[FFmpeg-devel] [PATCH v2 2/6] avformat/srtdec: UTF-16 support

wm4 nfxjfg at googlemail.com
Thu Sep 4 22:40:23 CEST 2014


---
ff_subtitles_read_line() now returns an error if a 0 byte is
encountered. This is faster and could be considered more correct.
It also handles UTF recode errors better.
---
 libavformat/srtdec.c    | 25 +++++++++++++-----------
 libavformat/subtitles.c | 51 +++++++++++++++++++++++++++++++++++++++++++++++--
 libavformat/subtitles.h | 36 +++++++++++++++++++++++++++++++---
 3 files changed, 96 insertions(+), 16 deletions(-)
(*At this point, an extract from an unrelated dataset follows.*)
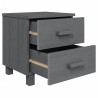 Tables de chevet HAMAR 2pcs Gris foncé 40x35x44,5cm Bois massif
diff --git a/libavformat/srtdec.c b/libavformat/srtdec.c
index 53182cd..b63d344 100644
--- a/libavformat/srtdec.c
+++ b/libavformat/srtdec.c
@@ -31,20 +31,21 @@ typedef struct {
 
 static int srt_probe(AVProbeData *p)
 {
-    const unsigned char *ptr = p->buf;
     int i, v, num = 0;
+    FFTextReader tr;
 
-    if (AV_RB24(ptr) == 0xEFBBBF)
-        ptr += 3;  /* skip UTF-8 BOM */
+    ff_text_init_buf(&tr, p->buf, p->buf_size);
 
-    while (*ptr == '\r' || *ptr == '\n')
-        ptr++;
+    while (ff_text_peek_r8(&tr) == '\r' || ff_text_peek_r8(&tr) == '\n')
+        ff_text_r8(&tr);
     for (i=0; i<2; i++) {
+        char buf[128];
+        if (ff_subtitles_read_line(&tr, buf, sizeof(buf)) < 0)
+            break;
         if ((num == i || num + 1 == i)
-            && sscanf(ptr, "%*d:%*2d:%*2d%*1[,.]%*3d --> %*d:%*2d:%*2d%*1[,.]%3d", &v) == 1)
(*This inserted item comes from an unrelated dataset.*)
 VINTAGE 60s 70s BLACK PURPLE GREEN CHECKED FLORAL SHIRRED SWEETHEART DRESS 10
+            && sscanf(buf, "%*d:%*2d:%*2d%*1[,.]%*3d --> %*d:%*2d:%*2d%*1[,.]%3d", &v) == 1)
             return AVPROBE_SCORE_MAX;
-        num = atoi(ptr);
-        ptr += ff_subtitles_next_line(ptr);
+        num = atoi(buf);
     }
     return 0;
 }
@@ -79,6 +80,8 @@ static int srt_read_header(AVFormatContext *s)
     AVBPrint buf;
     AVStream *st = avformat_new_stream(s, NULL);
     int res = 0;
+    FFTextReader tr;
+    ff_text_init_avio(&tr, s->pb);
 
     if (!st)
         return AVERROR(ENOMEM);
@@ -88,11 +91,11 @@ static int srt_read_header(AVFormatContext *s)
 
     av_bprint_init(&buf, 0, AV_BPRINT_SIZE_UNLIMITED);
 
-    while (!avio_feof(s->pb)) {
-        ff_subtitles_read_chunk(s->pb, &buf);
+    while (!ff_text_eof(&tr)) {
+        ff_subtitles_read_text_chunk(&tr, &buf);
 
         if (buf.len) {
-            int64_t pos = avio_tell(s->pb);
+            int64_t pos = ff_text_pos(&tr);
             int64_t pts;
             int duration;
             const char *ptr = buf.str;
diff --git a/libavformat/subtitles.c b/libavformat/subtitles.c
index cebd453..05d52c3 100644
--- a/libavformat/subtitles.c
+++ b/libavformat/subtitles.c
@@ -86,6 +86,23 @@ void ff_text_read(FFTextReader *r, char *buf, size_t size)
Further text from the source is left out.